Analytics Power Solar Energy Boost
Photovoltaic cells, the much-heralded hope for the future of solar energy, are still out of reach for mass consumption due in large part to overall cost. While solar energy pioneers are still seeking ways to tweak the price performance issue, others are focusing on less obvious potential solutions.
One such group of solar cell researchers at MIT is addressing the problem of current solar technology by examining the arrangement of the cells themselves. Their findings could provide power output that is anywhere from double to up to 20 times that of current solar cell configurations.
The key to the improvement is in the arrangement of the cells, and the fastest way to testing nearly limitless configurations is by using sophisticated analytics to arrive at conclusions.
The team behind the findings began with a sophisticated algorithm to explore, as MIT described, an “enormous variety of possible configurations and developed analytics software that can test any given configuration under a whole range of latitudes, seasons and weather.”
With the results of the analytical runs in hand, the team found that by building cubes or towers that extend the solar cells upward in three-dimensional configurations, the notable performance improvements could be gleaned.

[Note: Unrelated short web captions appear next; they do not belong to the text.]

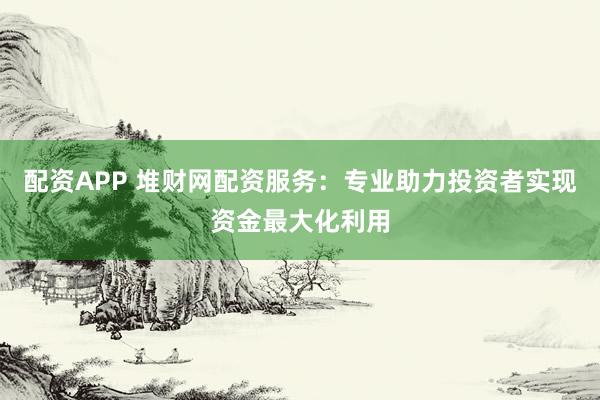 配资APP 堆财网配资服务：专业助力投资者实现资金最大化利用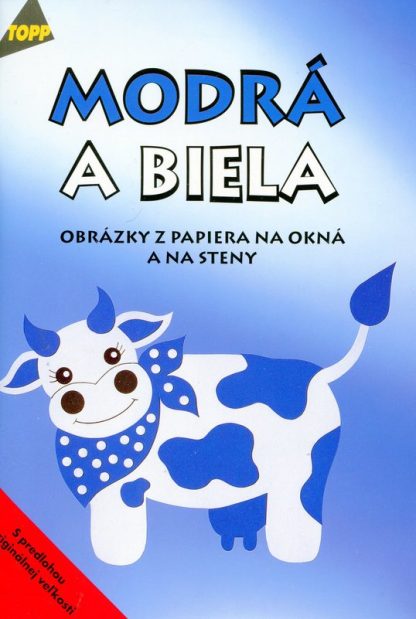 Modrá a biela (Obrázky z papiera na okná a na steny  (Kipp, Angelika)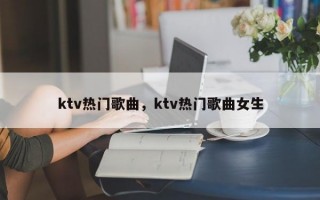 ktv热门歌曲，ktv热门歌曲女生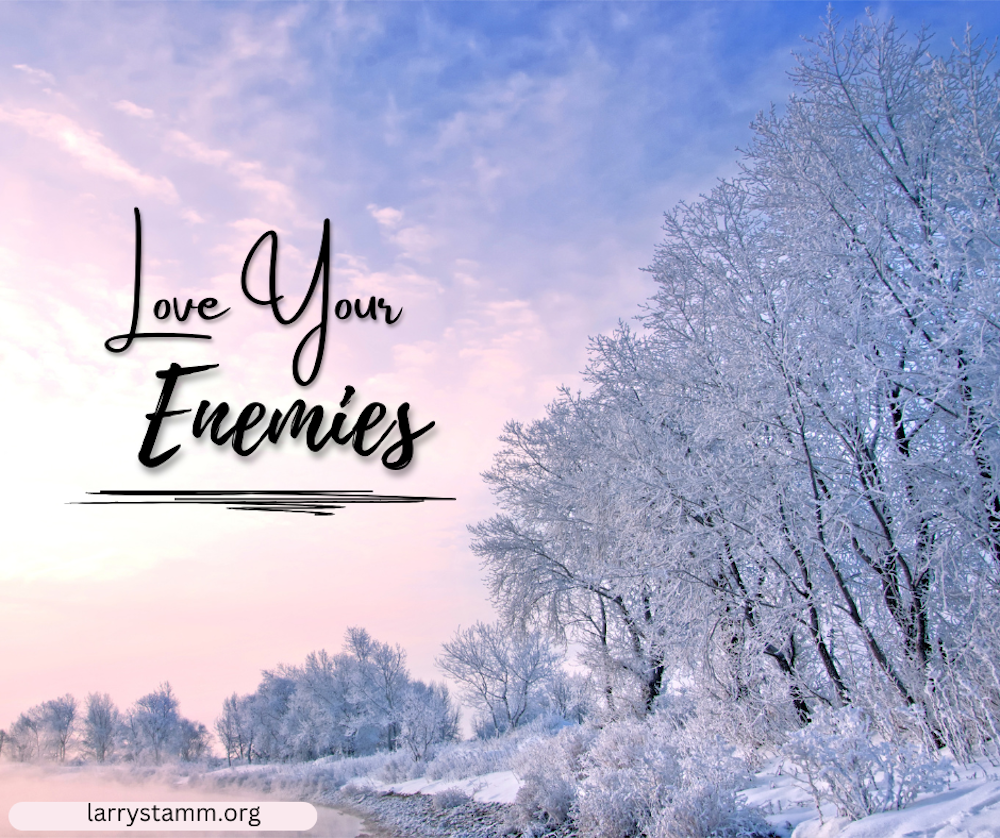 Snowy landscape with "Love Your Enemies" text.
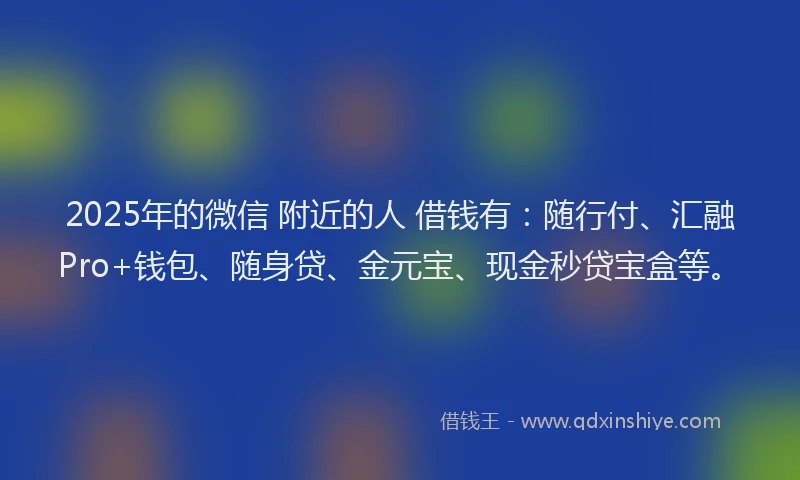 2025年的微信 附近的人 借钱有：随行付、汇融Pro+钱包、随身贷、金元宝、现金秒贷宝盒等。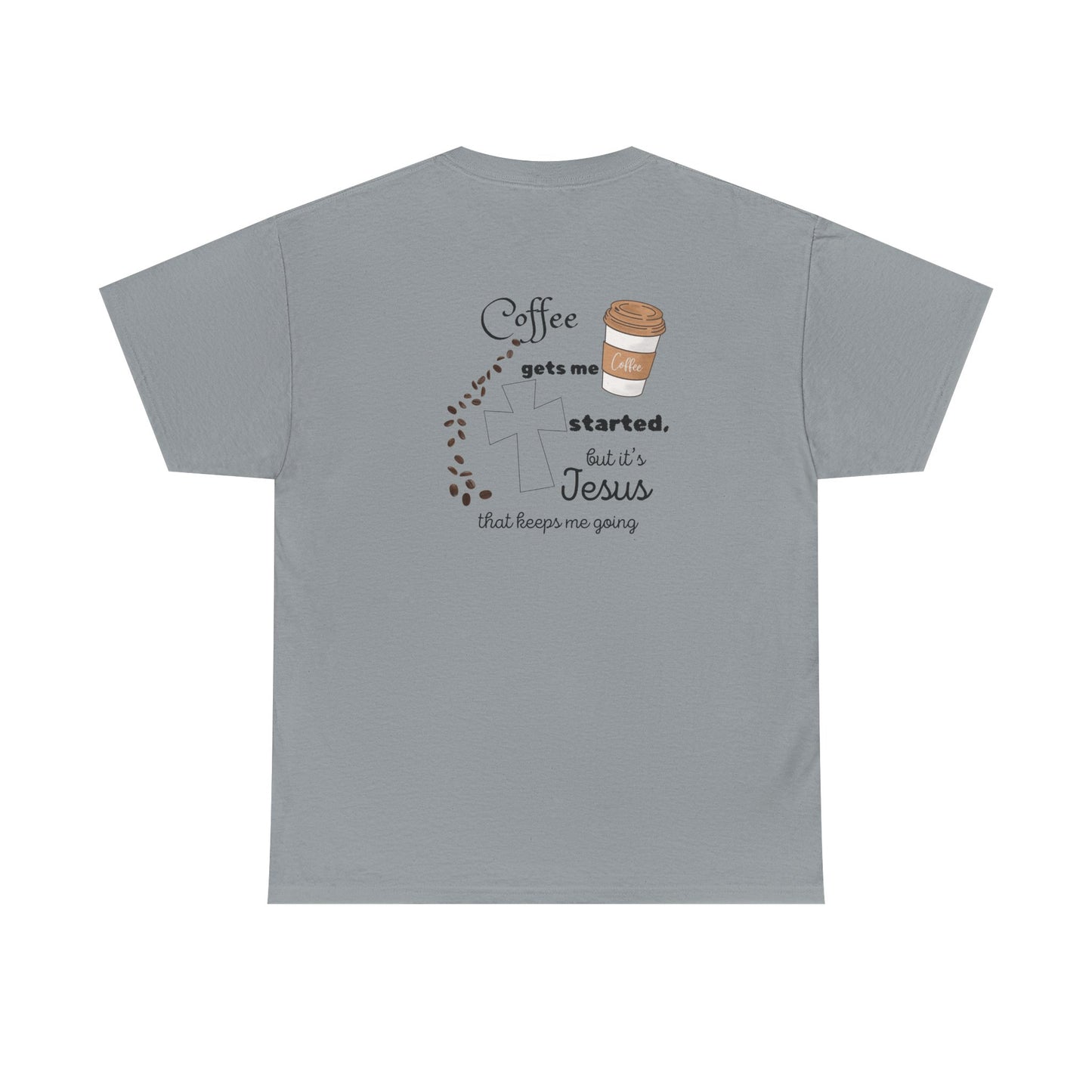 Coffee Time Unisex Heavy Cotton Tee - Faith & Caffeine Inspiration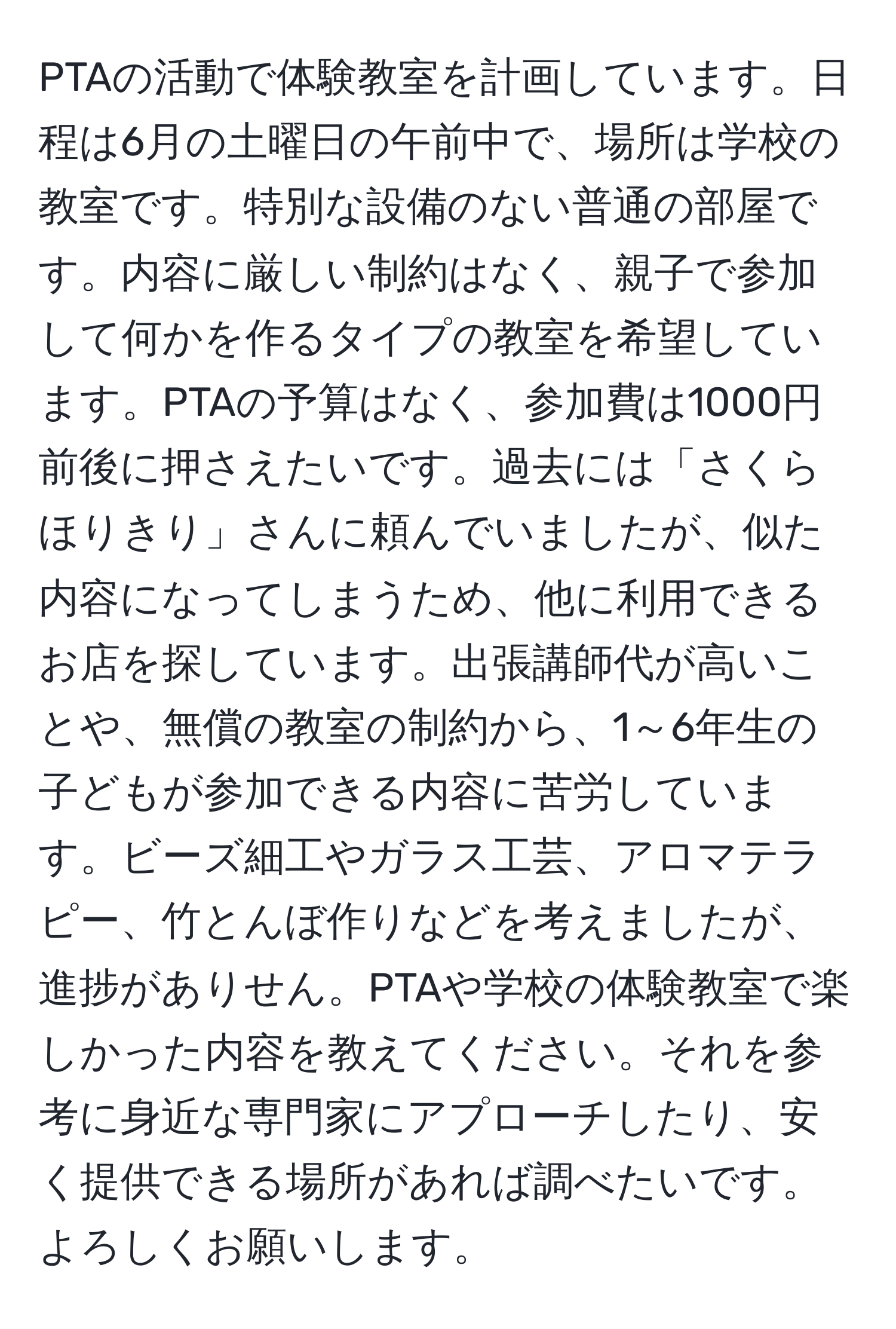 PTAの活動で体験教室を計画しています。日程は6月の土曜日の午前中で、場所は学校の教室です。特別な設備のない普通の部屋です。内容に厳しい制約はなく、親子で参加して何かを作るタイプの教室を希望しています。PTAの予算はなく、参加費は1000円前後に押さえたいです。過去には「さくらほりきり」さんに頼んでいましたが、似た内容になってしまうため、他に利用できるお店を探しています。出張講師代が高いことや、無償の教室の制約から、1～6年生の子どもが参加できる内容に苦労しています。ビーズ細工やガラス工芸、アロマテラピー、竹とんぼ作りなどを考えましたが、進捗がありせん。PTAや学校の体験教室で楽しかった内容を教えてください。それを参考に身近な専門家にアプローチしたり、安く提供できる場所があれば調べたいです。よろしくお願いします。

These results were magnified in situations when improvement was most critical—in locations far from the equator, during the winter, and on cloudy days.

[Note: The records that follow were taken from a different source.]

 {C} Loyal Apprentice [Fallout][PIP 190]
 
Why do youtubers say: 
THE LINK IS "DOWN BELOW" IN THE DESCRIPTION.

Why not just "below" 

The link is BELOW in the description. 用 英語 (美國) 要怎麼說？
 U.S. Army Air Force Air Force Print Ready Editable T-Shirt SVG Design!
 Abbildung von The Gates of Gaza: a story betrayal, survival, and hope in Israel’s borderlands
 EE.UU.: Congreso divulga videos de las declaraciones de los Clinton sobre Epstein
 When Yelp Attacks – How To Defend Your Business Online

As co-author Marco Bernardi, a graduate student in MIT’s Department of Materials Science and Engineering (DMSE) describes, “The basic physical reason for the improvement in power output — and for the more uniform output over time — is that the 3-D structures’ vertical surfaces can collect much more sunlight during mornings, evenings and winters, when the sun is closer to the horizon.”
Although the analytics segment revealed the highest advantage would come from complex shapes — such as a cube where each face is dimpled inward — these would be difficult to manufacture, says co-author Nicola Ferralis, a research scientist in DMSE.
The algorithms can also be used to optimize and simplify shapes with little loss of energy. It turns out the difference in power output between such optimized shapes and a simpler cube is only about 10 to 15 percent — a difference that is dwarfed by the greatly improved performance of 3-D shapes in general, he says. The team analyzed both simpler cubic and more complex accordion-like shapes in their rooftop experimental tests, which were carried out based on the assumptions made from the analytics exercise.